PROVIDED RECORDS:
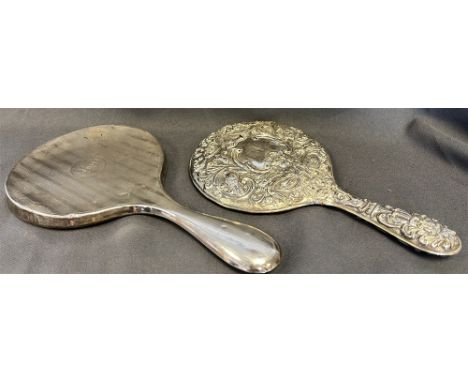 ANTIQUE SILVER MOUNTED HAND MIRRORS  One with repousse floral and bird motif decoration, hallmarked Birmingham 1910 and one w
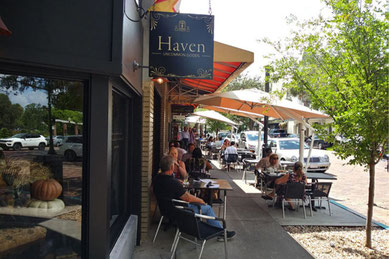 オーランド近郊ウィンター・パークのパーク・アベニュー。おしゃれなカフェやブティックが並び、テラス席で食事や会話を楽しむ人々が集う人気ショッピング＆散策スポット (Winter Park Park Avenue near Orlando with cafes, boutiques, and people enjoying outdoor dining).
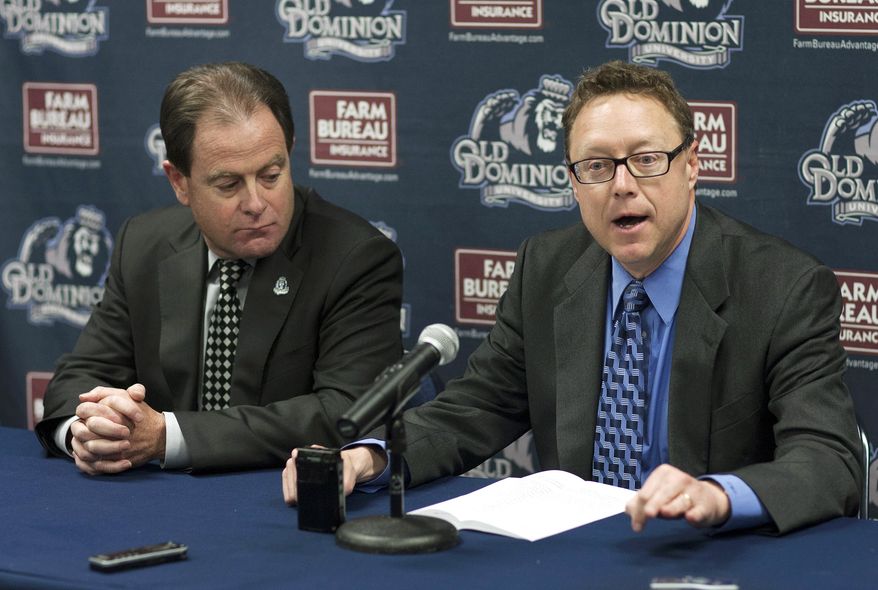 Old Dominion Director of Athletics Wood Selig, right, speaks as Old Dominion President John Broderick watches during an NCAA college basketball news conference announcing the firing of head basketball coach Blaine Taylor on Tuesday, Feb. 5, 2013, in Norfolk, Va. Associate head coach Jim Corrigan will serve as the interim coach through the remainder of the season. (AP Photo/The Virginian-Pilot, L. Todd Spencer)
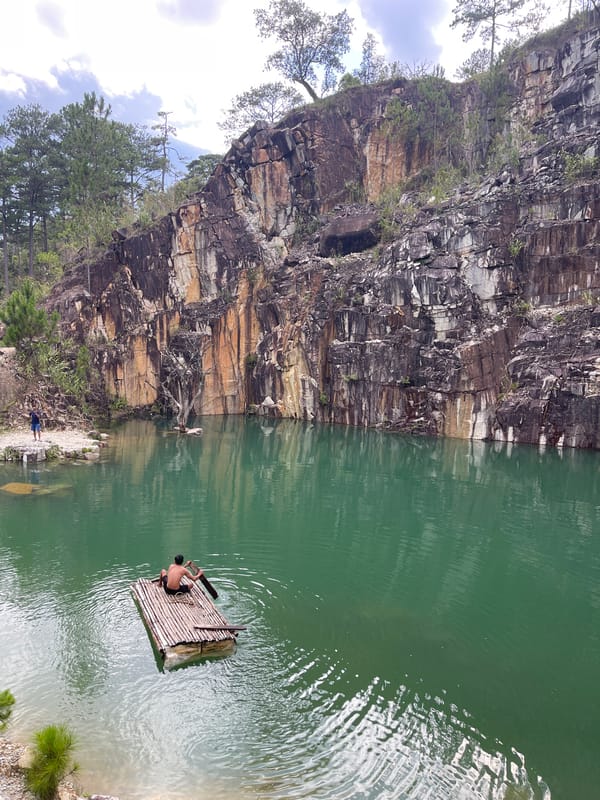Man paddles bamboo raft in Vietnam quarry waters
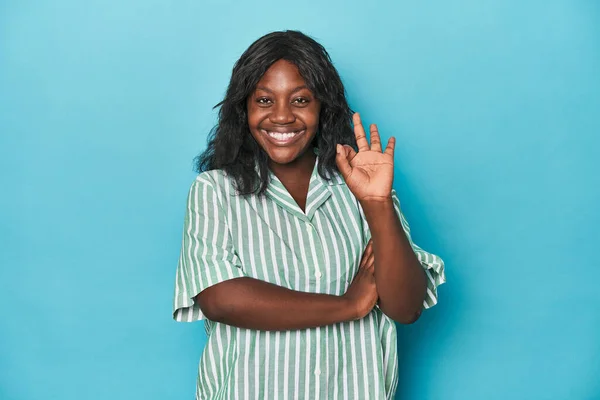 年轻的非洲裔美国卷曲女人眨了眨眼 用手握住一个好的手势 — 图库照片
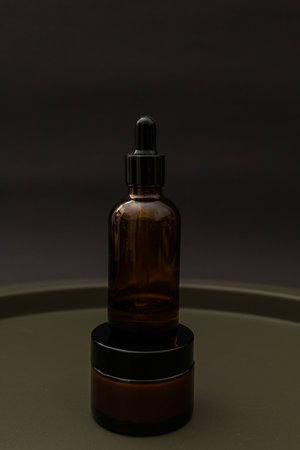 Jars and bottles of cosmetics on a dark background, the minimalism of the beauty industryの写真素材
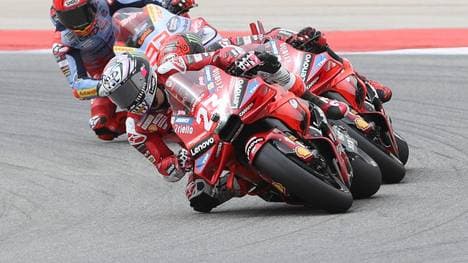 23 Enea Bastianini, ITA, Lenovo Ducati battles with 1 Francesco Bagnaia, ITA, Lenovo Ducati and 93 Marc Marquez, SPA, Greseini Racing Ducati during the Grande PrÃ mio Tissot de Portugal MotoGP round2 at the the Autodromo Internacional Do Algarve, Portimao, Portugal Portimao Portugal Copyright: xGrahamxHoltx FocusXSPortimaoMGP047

TASK INSTRUCTIONS: Give again, word for word, every line from the top of the data above to the line holding "enjoying outdoor dining).", inclusive, with the pictures left out.

PROBLEM SOLUTION:
 ANTIQUE SILVER MOUNTED HAND MIRRORS  One with repousse floral and bird motif decoration, hallmarked Birmingham 1910 and one w
 オーランド近郊ウィンター・パークのパーク・アベニュー。おしゃれなカフェやブティックが並び、テラス席で食事や会話を楽しむ人々が集う人気ショッピング＆散策スポット (Winter Park Park Avenue near Orlando with cafes, boutiques, and people enjoying outdoor dining).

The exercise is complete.